About this exercise: Starting with the line below that holds "Pınar Tam Yağlı Süt 200 ml x 27 Adet" and stopping after the line that holds "Vertical Lift Modules", transcribe the lines exactly, leaving out all pictures.

Available data:
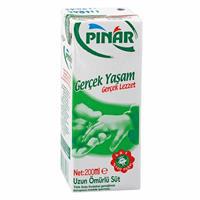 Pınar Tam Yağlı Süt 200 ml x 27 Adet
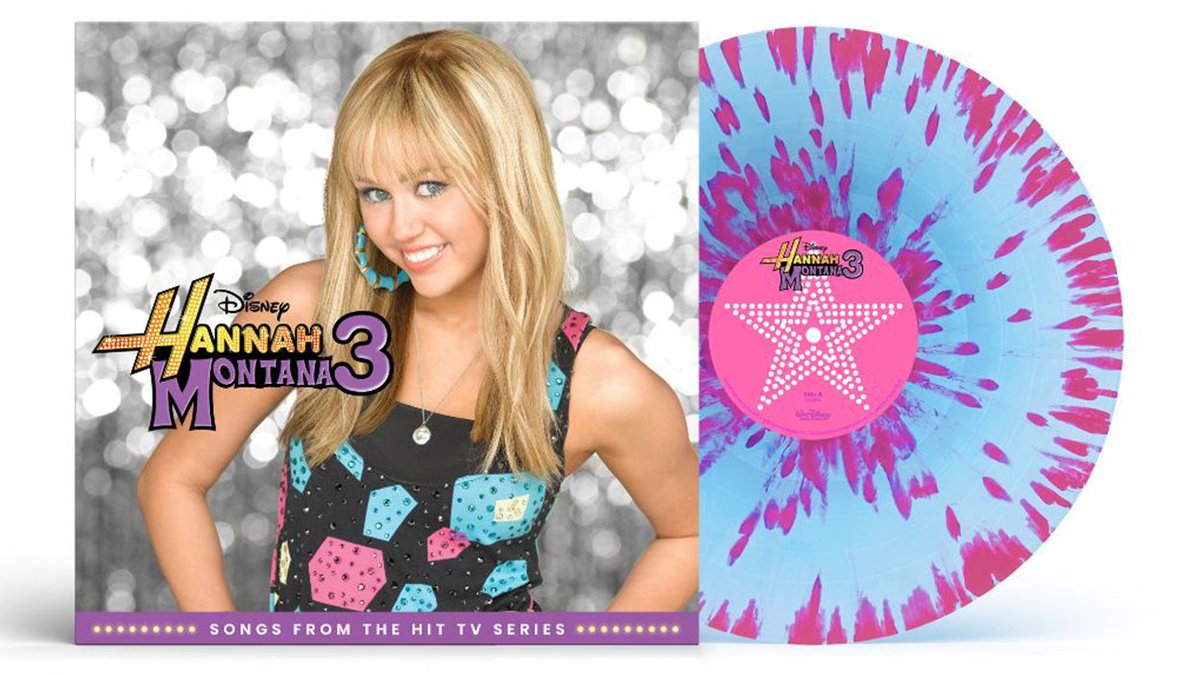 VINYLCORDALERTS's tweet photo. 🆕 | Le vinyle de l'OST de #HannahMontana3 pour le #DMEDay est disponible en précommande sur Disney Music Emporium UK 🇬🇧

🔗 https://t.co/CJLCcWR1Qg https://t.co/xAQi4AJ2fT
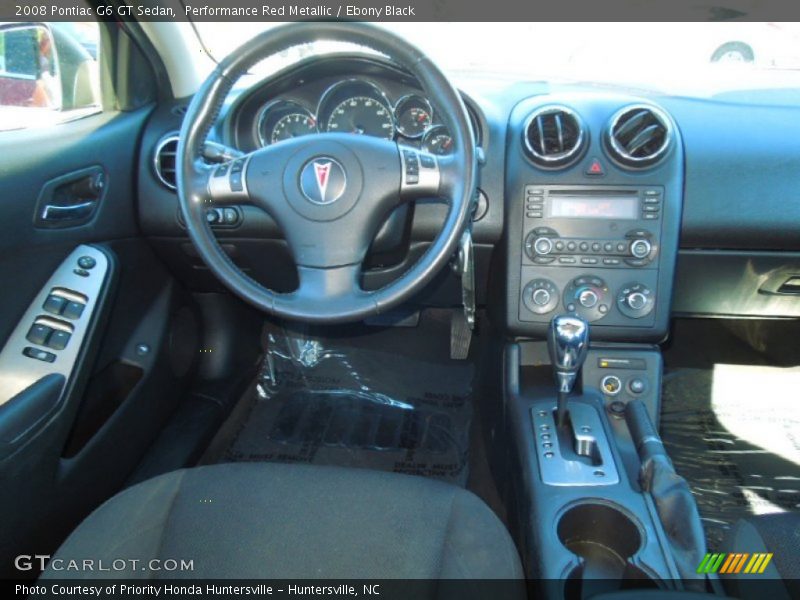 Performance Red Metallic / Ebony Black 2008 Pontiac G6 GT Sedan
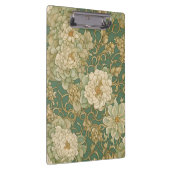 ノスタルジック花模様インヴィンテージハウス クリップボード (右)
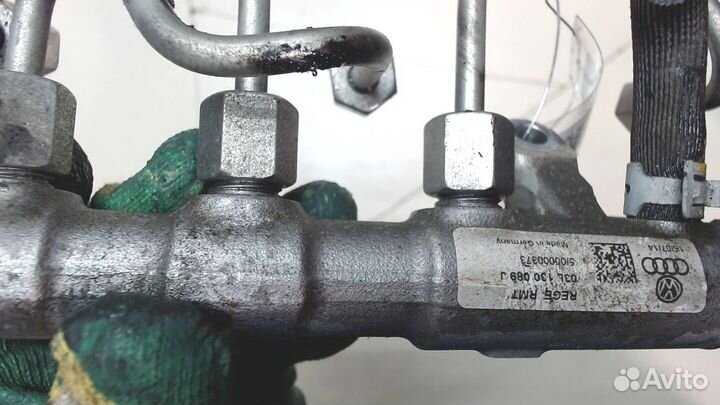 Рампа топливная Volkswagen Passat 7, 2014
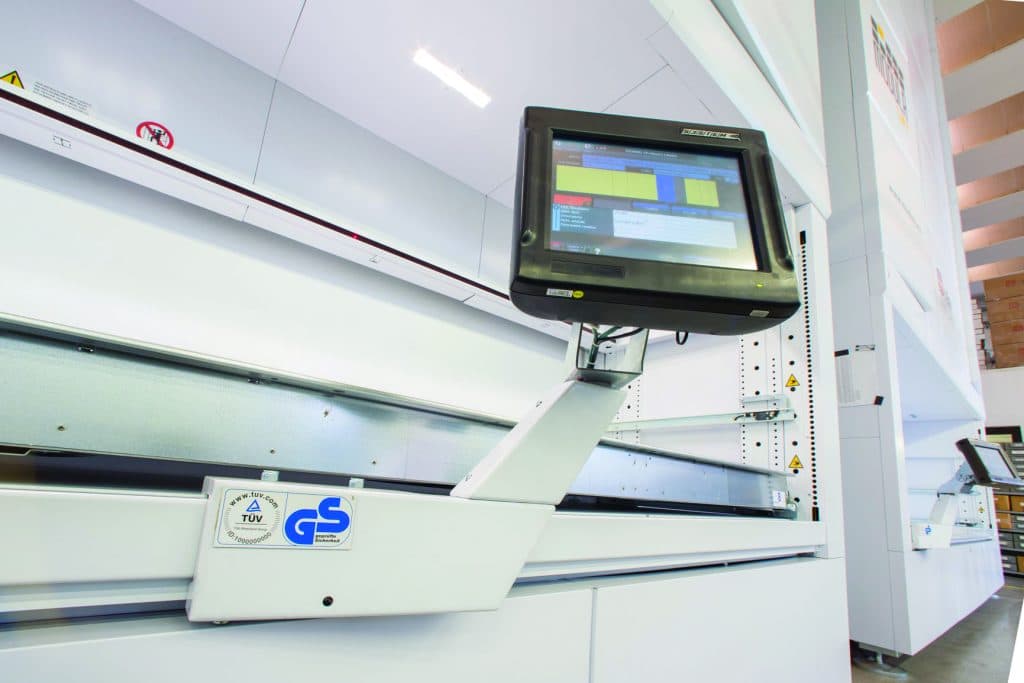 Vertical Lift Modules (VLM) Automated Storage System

---

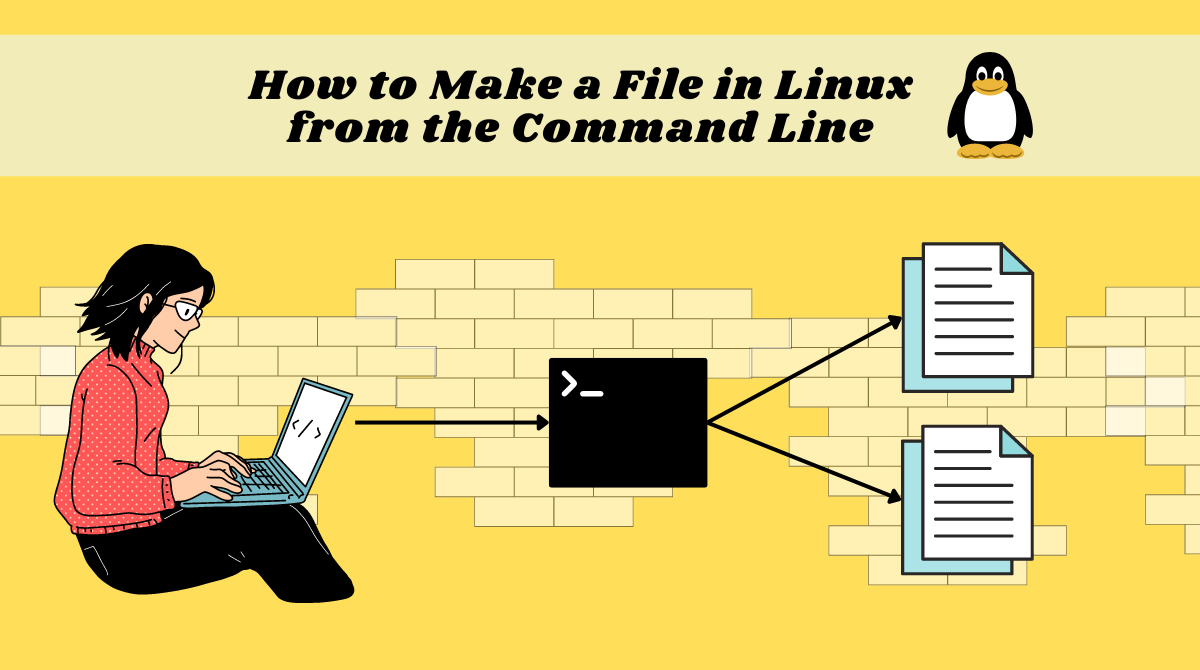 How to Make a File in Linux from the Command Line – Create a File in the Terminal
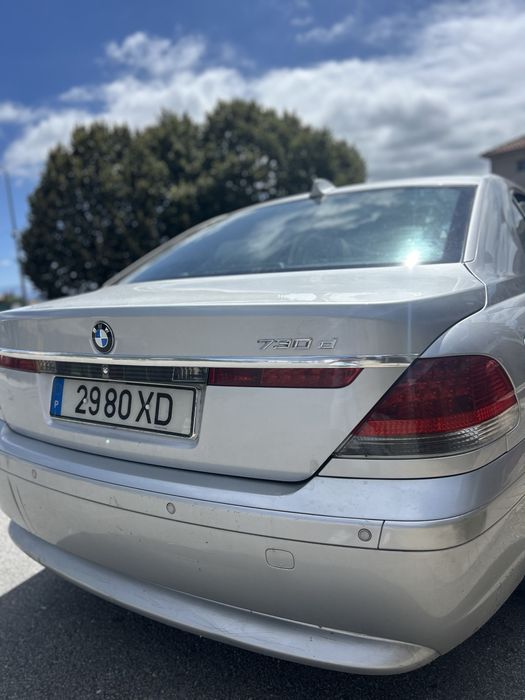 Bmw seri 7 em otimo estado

==

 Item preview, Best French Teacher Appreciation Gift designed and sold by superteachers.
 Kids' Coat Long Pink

Exercise solution:
 Pınar Tam Yağlı Süt 200 ml x 27 Adet
 VINYLCORDALERTS's tweet photo. 🆕 | Le vinyle de l'OST de #HannahMontana3 pour le #DMEDay est disponible en précommande sur Disney Music Emporium UK 🇬🇧

🔗 https://t.co/CJLCcWR1Qg https://t.co/xAQi4AJ2fT
 Performance Red Metallic / Ebony Black 2008 Pontiac G6 GT Sedan
 ノスタルジック花模様インヴィンテージハウス クリップボード (右)
 Рампа топливная Volkswagen Passat 7, 2014
 Vertical Lift Modules (VLM) Automated Storage System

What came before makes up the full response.